Please output only the lines that run from the line containing "this 1140×641 image." through the end of the material below, exactly.

**** Dataset

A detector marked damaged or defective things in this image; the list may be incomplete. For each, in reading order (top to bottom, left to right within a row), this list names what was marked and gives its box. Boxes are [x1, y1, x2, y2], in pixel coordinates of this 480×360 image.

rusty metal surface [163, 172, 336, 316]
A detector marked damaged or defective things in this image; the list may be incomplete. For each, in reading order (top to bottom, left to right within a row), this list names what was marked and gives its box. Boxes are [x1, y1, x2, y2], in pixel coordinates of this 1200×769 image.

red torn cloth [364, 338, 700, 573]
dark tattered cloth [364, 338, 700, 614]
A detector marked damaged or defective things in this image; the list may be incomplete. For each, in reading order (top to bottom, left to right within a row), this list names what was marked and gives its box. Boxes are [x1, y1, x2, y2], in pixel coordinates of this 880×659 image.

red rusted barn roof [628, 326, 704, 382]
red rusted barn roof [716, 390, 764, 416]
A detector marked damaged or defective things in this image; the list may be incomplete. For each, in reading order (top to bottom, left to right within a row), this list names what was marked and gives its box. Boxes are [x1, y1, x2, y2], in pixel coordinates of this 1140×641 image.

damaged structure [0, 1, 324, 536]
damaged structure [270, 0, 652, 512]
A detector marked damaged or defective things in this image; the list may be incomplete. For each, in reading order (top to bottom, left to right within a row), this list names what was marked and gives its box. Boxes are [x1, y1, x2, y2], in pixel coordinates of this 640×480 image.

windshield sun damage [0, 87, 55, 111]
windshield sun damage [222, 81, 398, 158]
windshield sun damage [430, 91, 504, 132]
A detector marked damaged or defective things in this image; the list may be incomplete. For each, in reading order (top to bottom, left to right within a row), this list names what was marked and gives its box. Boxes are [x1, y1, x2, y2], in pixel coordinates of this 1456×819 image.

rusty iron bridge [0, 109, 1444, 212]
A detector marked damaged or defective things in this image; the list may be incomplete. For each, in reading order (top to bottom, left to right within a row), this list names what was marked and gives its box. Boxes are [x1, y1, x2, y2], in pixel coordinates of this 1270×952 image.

********

Response to the exercise:
A detector marked damaged or defective things in this image; the list may be incomplete. For each, in reading order (top to bottom, left to right within a row), this list names what was marked and gives its box. Boxes are [x1, y1, x2, y2], in pixel coordinates of this 1140×641 image.

damaged structure [0, 1, 324, 536]
damaged structure [270, 0, 652, 512]
A detector marked damaged or defective things in this image; the list may be incomplete. For each, in reading order (top to bottom, left to right within a row), this list names what was marked and gives its box. Boxes are [x1, y1, x2, y2], in pixel coordinates of this 640×480 image.

windshield sun damage [0, 87, 55, 111]
windshield sun damage [222, 81, 398, 158]
windshield sun damage [430, 91, 504, 132]
A detector marked damaged or defective things in this image; the list may be incomplete. For each, in reading order (top to bottom, left to right within a row), this list names what was marked and gives its box. Boxes are [x1, y1, x2, y2], in pixel coordinates of this 1456×819 image.

rusty iron bridge [0, 109, 1444, 212]
A detector marked damaged or defective things in this image; the list may be incomplete. For each, in reading order (top to bottom, left to right within a row), this list names what was marked and gives its box. Boxes are [x1, y1, x2, y2], in pixel coordinates of this 1270×952 image.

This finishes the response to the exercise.